There’s clearly a renaissance happening with blogging/self-publishing for indie creators in no small part thanks to the beautiful usability of Substack (which has helped make writing a joy again for me) and other modern publishing tools.
Over the past few months I’ve had discussions with several friends on publishing strategy for audience development, because there’s renewed interest here in developing a unique voice in the world. It’s one of the bright spots for me over the last year, because it shows how much people care about their industry, ideas and ultimately improving the world (3 cool sites to check out from talks I’ve had over coffee with their creators: Doomberg on macro economic takes - who is taking the world by storm and created one of the fastest growing brands in the category, Tiny Rebellions by my friend Heather who already has great traction sharing diverse and thought-provoking ideas, and Bonnie Kavoussi who is just getting started publishing but is a content marketer professionally and is going to do amazing). Goes without saying, I recommend you subscribe to all of them, all share really unmissable ideas.

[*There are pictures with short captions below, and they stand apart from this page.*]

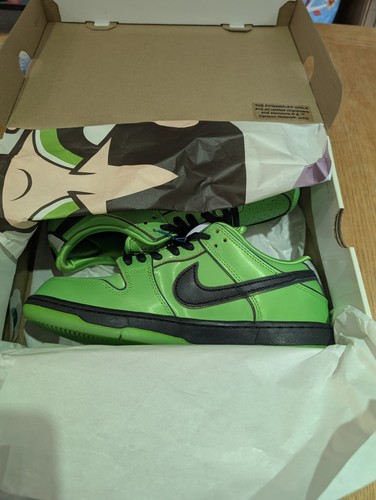Powerpuff green nike - green, dunk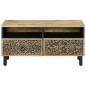 vidaXL Mesa de centro de madera maciza mango 80x54x40 cm vidaXL Mesa de centro de madera maciza mango 80x54x40 cm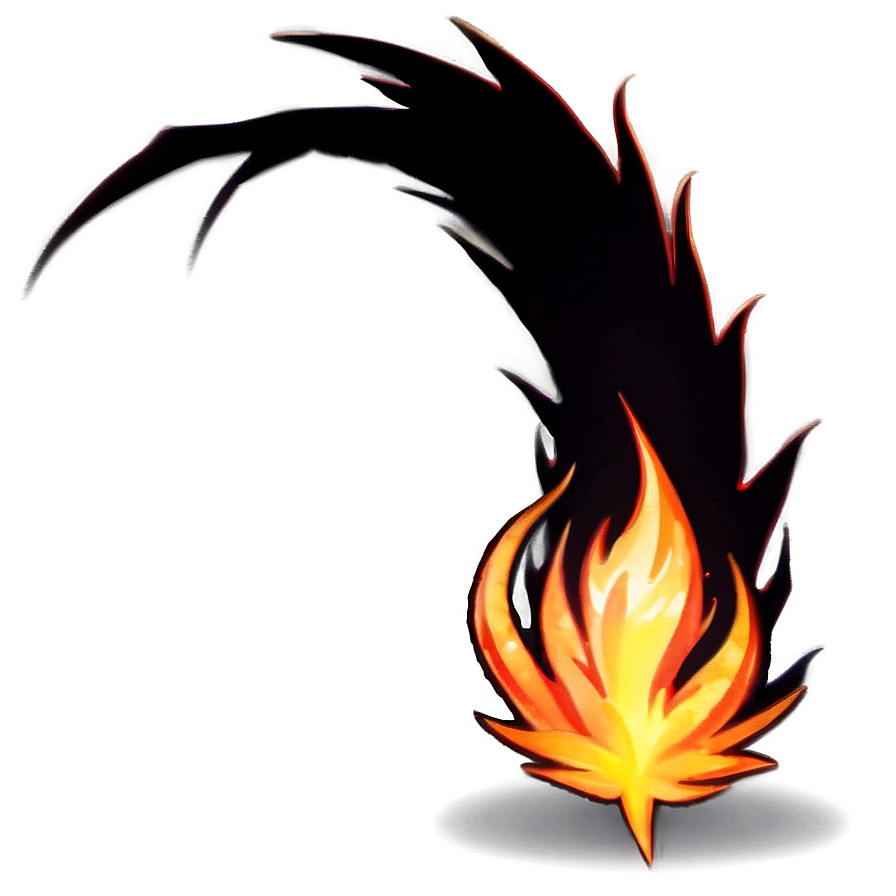 Ember Glow Anime Fire Png 69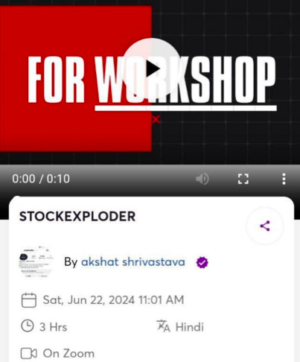 STOCK EXPLODER 22 June Workshop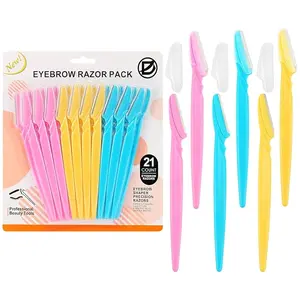 21 PCS Eyebrow Razor, Derma plane Razor, Face Razors for Women, Derma planning Tool for Face, Facial Hair Remover for Women ,Makeup Stainless Steel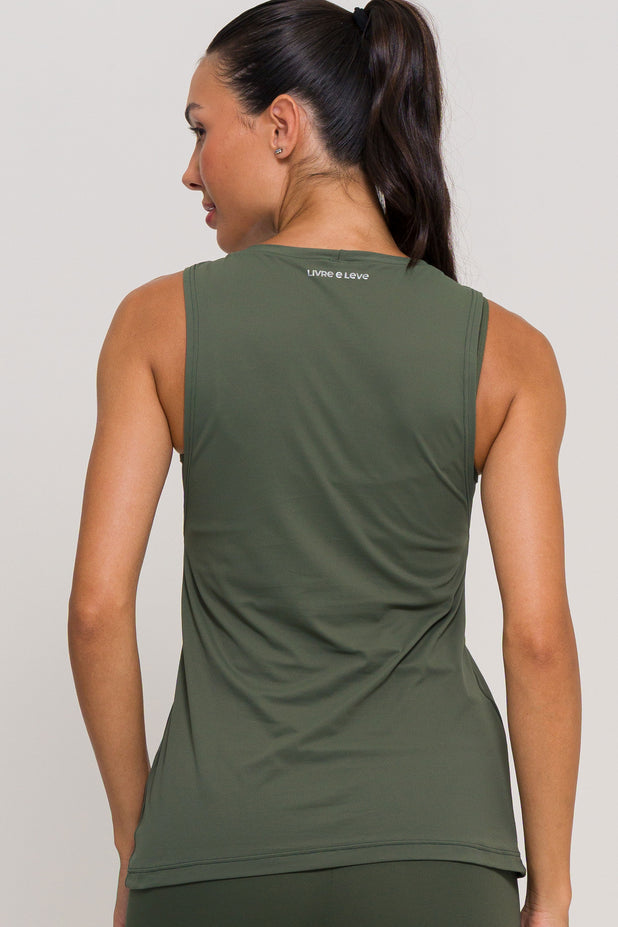 Regata Cavada de Poliamida Verde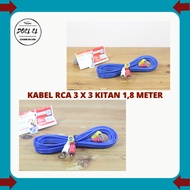 RCA CABLE 3 X 3 KITANI AUDIO VIDEO CABLE 1.8 METERS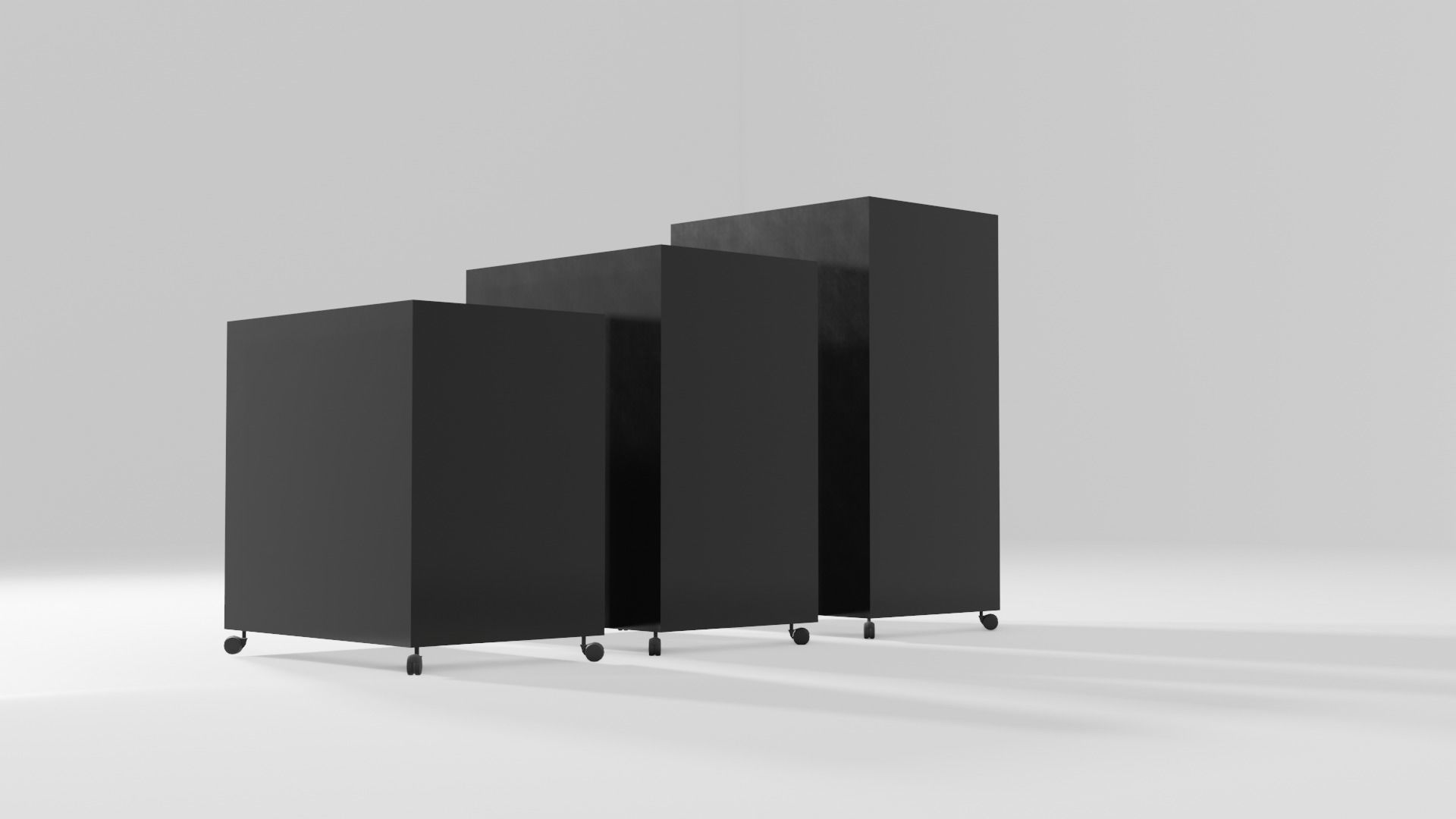 Realistic office drawer units Low-poly 3D model_10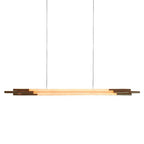 BRONZE LINEAR COPPER CHANDELIER | CLSJK054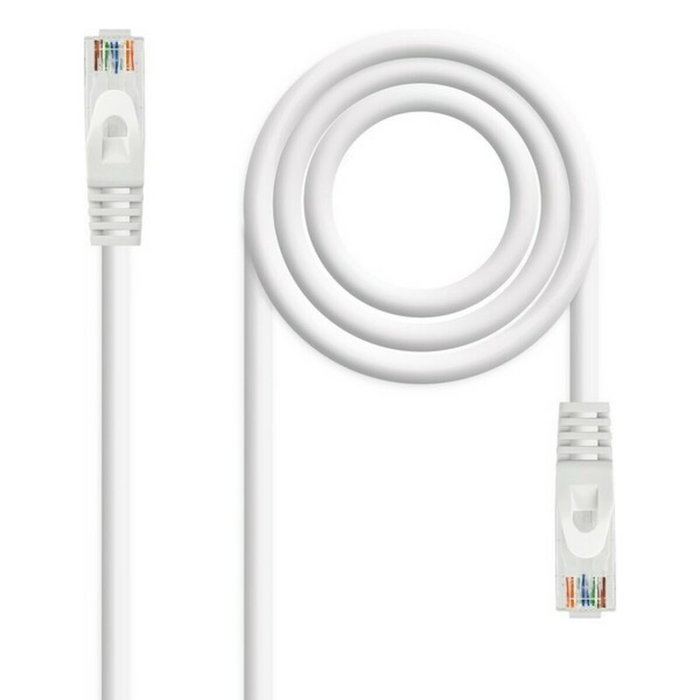 Nanocable Cable de red RJ45 Cat.6A UTP AWG24, 3m, Blanco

Anyway to give back to the community for helping share Hot Takes posts around the web with your friends and contacts/helping me reach a cool milestone, today I thought I’d share a brief primer on how I’ve approached digital publishing since around 2004 both personally and professionally, plus lessons learned. The cool thing is, if you approach this seriously and commit to it, there’s actually far less competition than you think. Most give up far too soon. Your secret, almost unfair advantage is commitment over the long term. Dedication here compounds, always.
First up: why you should care about building your own media brand
I’ve given talks and written extensively in marketing and media trades the importance of self-publishing on your own domain or Substack and why, in a social media obsessed world, your own platform external of stream-based sites remains your most critical asset.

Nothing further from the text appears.